Does one use up less energy after losing weight?
One question I often get asked is “Can weight regain after a diet be explained by a lowered metabolic rate?”
The short answer is: “No, not systematically”. In other words: “Usually not, though it can happen in some rare cases”.
And yet, how often we’ve heard it repeated: “after you lose weight, your body goes into economy mode, it stores up everything instead of using up energy…”
What is true is that the energy expenditure of the body is lower after weight loss than before. But it is not abnormally low. The central concept here is Resting Energy Expenditure, which is the quantity of energy (= the number of calories) our body needs to just keep functioning. And the main factor that determines this resting energy expenditure is… body weight (1).
This is fairly easy to understand if you think of a car or a truck, which burns more fuel when it is heavily loaded than when it is not; in the same way, a heavy body needs more calories than a light one. Whenever a person loses some their body weight, it will be like unloading the truck, less fuel (=fewer calories) will be used to keep moving.
[Click here to find out how resting energy expenditure is measured].
So, yes, your energy expenditure decreases after weight loss.
The catch is that for a long time, it was thought that it went down much lower than what would have been normal for the new body weight. This putative phenomenon was dubbed “adaptive thermogenesis” or “energy gap” and was used to explain difficulties in maintaining weight loss. This theory has been shaky for a good many years now (2), and an elegant study has undermined what was left of it.
In this study, published in the American Journal of Clinical Nutrition, the investigators asked whether resting energy expenditure was abnormally low in successful weight-loss maintainers (WLMs).
The investigators used two approaches. First, they compared the resting energy expenditure of the WLMs with that of two control groups: one group of people who had never been obese and whose normal weight was similar to the new weight of the WLMs, and one group of overweight or obese people whose weight was similar to the initial weight of the WLMs (their weight before weight loss). If the theory of adaptive thermogenesis were correct, resting energy expenditure should be lower in WLMs than in people who had the same weight but had never been overweight. This, however, was not the case. After taking into account the differences in body composition, resting energy expenditure was similar. In other words, every “kilogram of person” burns about the same number of calories, whatever the person’s weight history.

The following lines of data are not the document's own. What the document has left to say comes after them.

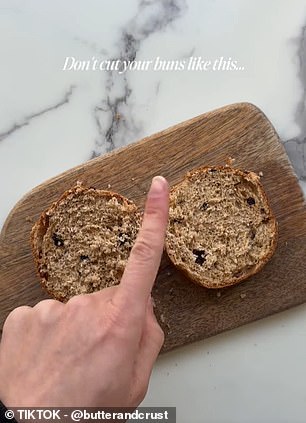 Hot Cross Buns Get a Twist: Slicing Into Thirds for a Richer Butter Experience, Says TikTok Trend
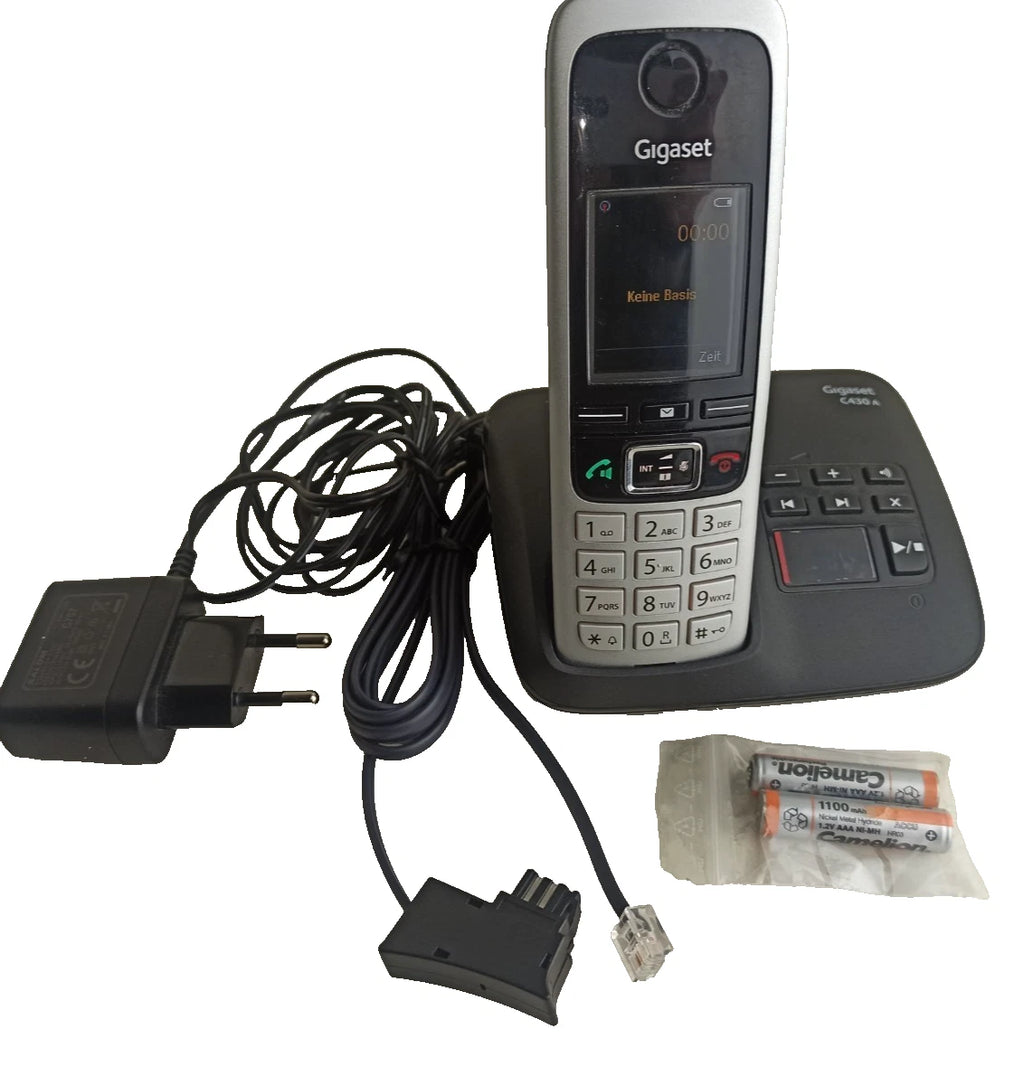 Gigaset C430A Schnurlos Telefon DECT Anrufbeantworter Akkus Kabel vollständig
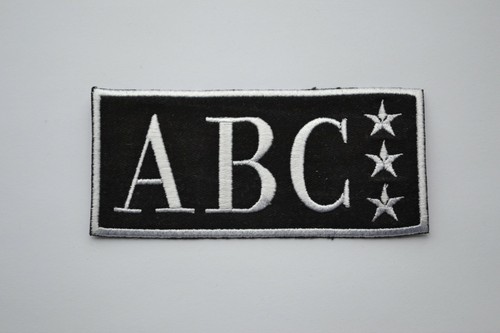 Abc embroidered band iron - band, iron-on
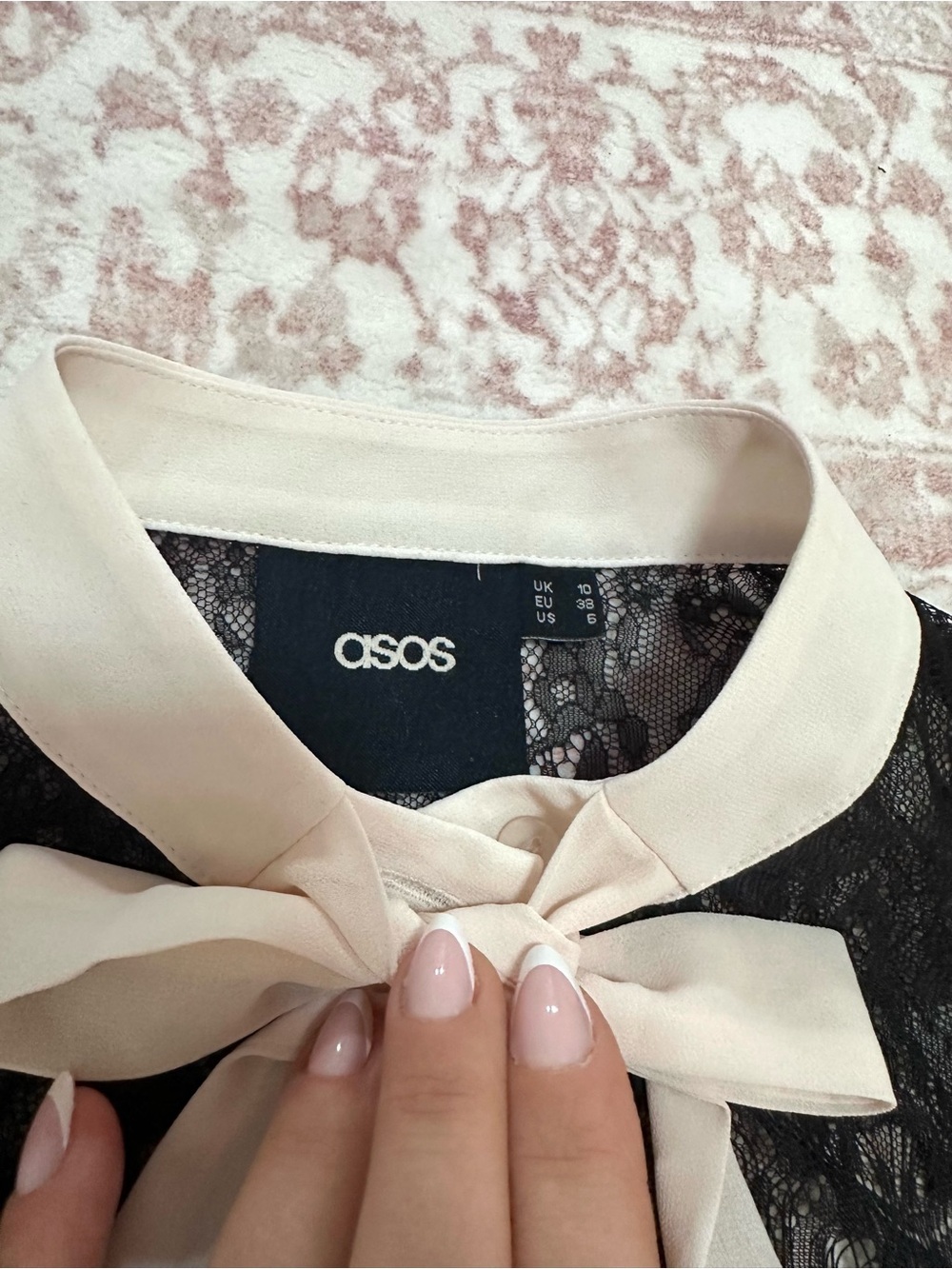 ASOS ๐ค Sheer Lace Buttoned Blouse - Picture 5 of 15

Next, the investigators used the baseline data from the different groups to generate equations predicting resting energy expenditure. On average, metabolism after weight loss was well predicted by the equation developed from the data of the normal weight controls. This too indicates energy expenditure was not excessively low after weight loss. Not systematically, anyway: there was a good deal of variation in individual results, and that is an important point to note, because it means that, though in most people resting energy expenditure does not decrease abnormally after weight loss, it can happen to some.
It does seem that in a few people, metabolism is lower than it should be. What we don’t know is whether this is a consequence of the loss of weight, of if, on the contrary, such people have always had a low metabolism, which would have caused them to become overweight in the first place.
(1) Particularly the proportion of lean body mass, but going into that in detail would not be relevant for this post.
(2) Particularly based on results from modern medical imaging methods. The HOMAWLO project gave a synthesis of the basis of and objections to the “adaptive thermogenesis” theory.